POSTED BY Mike on 12:00 AM under ,
Traditionally, cricket fans have been gentlemanly. They watched the game without showing much emotion. They cheered good play from opponents and arrived at the game in respectable attire such as suits and ties

World series cricket attracted a new breed of fan to whom cricket was not always the main attraction. Known as Yobbos, these fans liked making noise, taking the crap out of people and dressing up in silly attire. They brought with them drums, horns and instigated Mexican waves. Cricket games subsequently developed the kind of carnival atmosphere more commonly associated with football.

Yet despite having many distractions to the game, the Yobbo's were far more one eyed in comparison to the gentleman fans of days gone by. Instead of cheering good play by opponents, Yobbos booed like a fan at a football game; and chanting obscenities


For a while, the Yobbos had harmless fun but it was only a matter of time before they became the subject of complaints from the wowsers in the members stand. The members voiced their disapproval of the excessive noise and subsequently, the Yobbo's musical instruments were banned.

The members were also offended by the Mexican wave as whenever it reached them, they remained seated to which the yobbos booed.

Yobbo's also had a habit and breaking into chants. It wasn't long before security began ejecting anyone suspecting of starting the wave or having a good time.With their musical instruments banned and their Mexican wave under attack, the Yobbos searched for new means of entertainment. Throwing items such as plastic cups and half eaten meat pies was the logical solution. This new form of entertainment caused serious problems as occasionally an unsuspecting cricket fan with no interest in food fights found themselves in the lions den of a pack of Yobbos. In such situations, protests to watch cricket in peace were greeted with sadistic laughter or perhaps a meat pie to the back of the head.
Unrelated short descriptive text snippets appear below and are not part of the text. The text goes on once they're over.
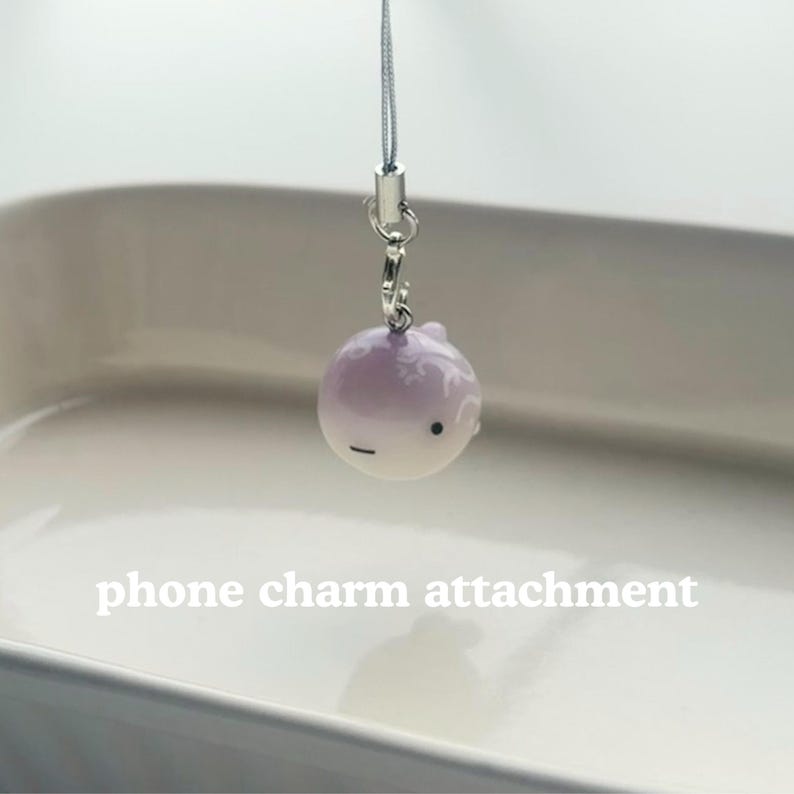 K&ouml;nnte beinhalten: Ein kleiner, runder, lila und wei&szlig;er Handy-Anh&auml;nger. Der Anh&auml;nger hat ein kleines Gesicht mit einem schwarzen Punkt und einem horizontalen Strich. Der Anh&auml;nger ist an einem silberfarbenen Metallverschluss und einer d&uuml;nnen, silbernen Kordel befestigt. Der Text "phone charm attachment" steht darunter.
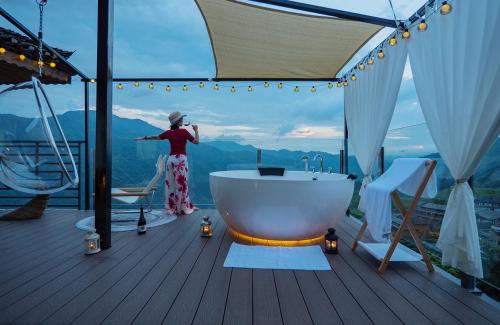 a woman standing next to a bath tub on a deck at Longji One Art Hotel in Longsheng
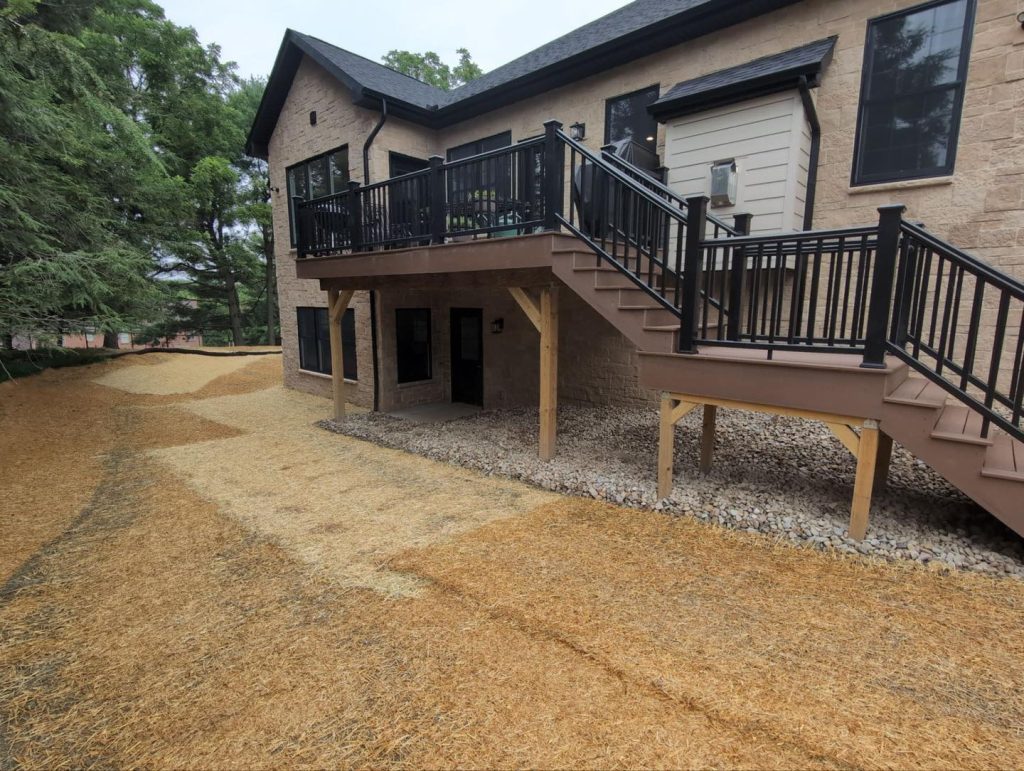 Backyard of a two-story house with a raised deck and stairs, new straw-covered ground, and a mulched area along the side of the house, indicating recent landscaping work.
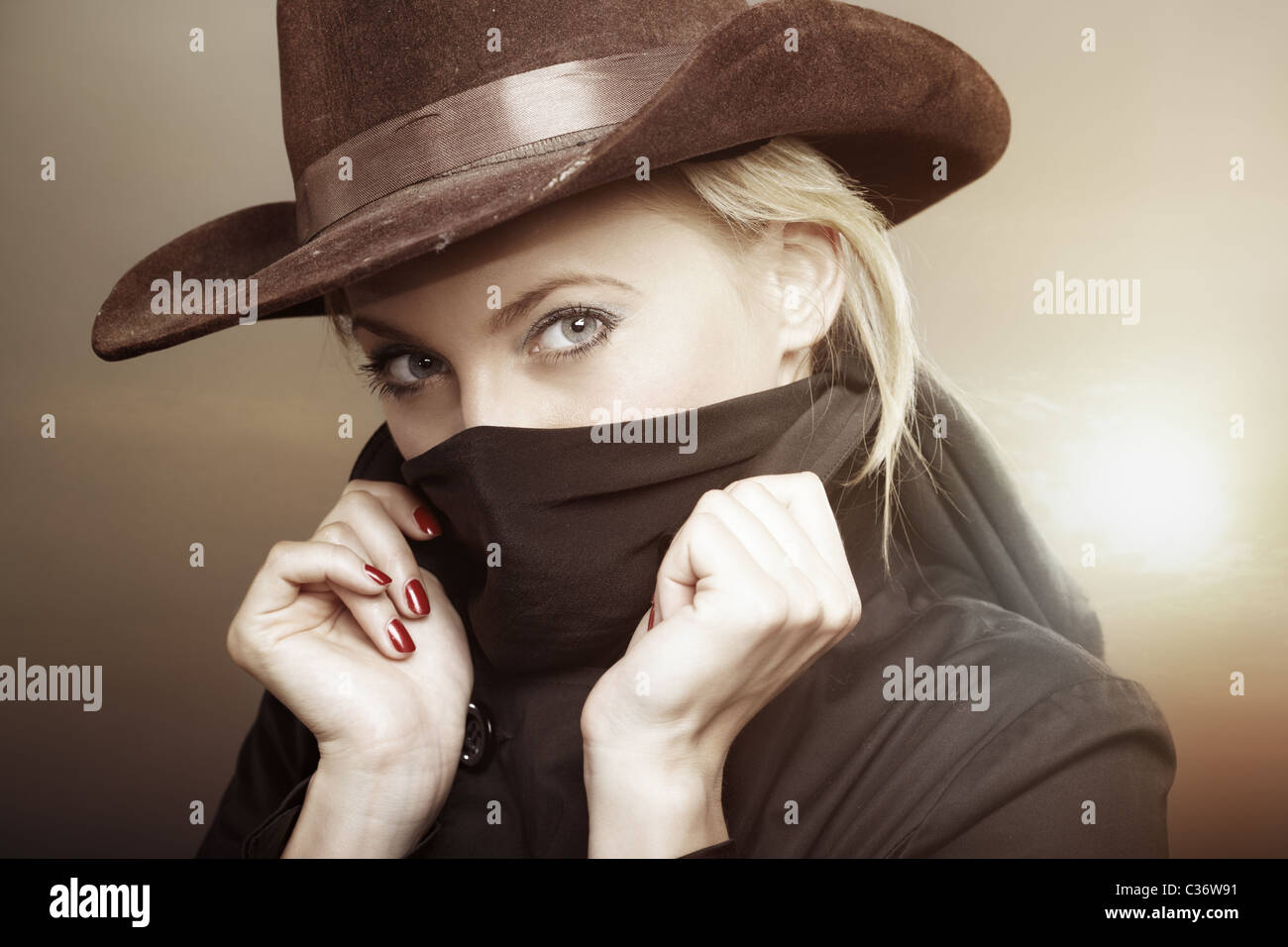 Femme criminelle avec chapeau de cowboy lors du coucher du soleil. Couleurs  créatives ajouté pour effet film Photo Stock - Alamy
Yobbo's also began entertaining themselves by invading the pitch. This was a concern to channel nine commentators as they looked silly when they spoke about the pride of playing for Australia only to then see Australians running onto the field without wearing any trousers!
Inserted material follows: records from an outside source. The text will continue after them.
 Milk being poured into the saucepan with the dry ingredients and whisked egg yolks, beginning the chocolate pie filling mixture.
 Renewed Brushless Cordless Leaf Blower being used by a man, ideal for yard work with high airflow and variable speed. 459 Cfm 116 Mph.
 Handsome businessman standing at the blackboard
Authorities initially tried to calm Yobbism by ejecting troublemakers. Unfortunately, no matter how many were ejected, thousands remained to continue the troublemaking. This left the authorities with only one option; sell half strength beer. Many yobbos were outraged and vowed to boycott the cricket.
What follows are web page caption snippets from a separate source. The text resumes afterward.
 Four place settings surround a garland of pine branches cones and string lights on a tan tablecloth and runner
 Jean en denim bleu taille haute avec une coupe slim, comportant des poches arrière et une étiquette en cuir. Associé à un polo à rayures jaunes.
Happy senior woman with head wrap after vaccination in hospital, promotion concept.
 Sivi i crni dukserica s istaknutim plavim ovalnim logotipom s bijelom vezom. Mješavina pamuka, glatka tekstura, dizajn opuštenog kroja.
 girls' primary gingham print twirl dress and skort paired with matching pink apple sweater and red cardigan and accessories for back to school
Other yobbos developed ingenious schemes to smuggle alcohol into the stadium. They discovered that water melons could be injected with vodka. Fruit salad could be soaked in booze over night and port could be placed in coca -cola bottles and look like the real thing.

Yes, If you haven't been to the Cricket you have no idea what you are missing.

By the way, Kudos to all you who have ever been in bay 13.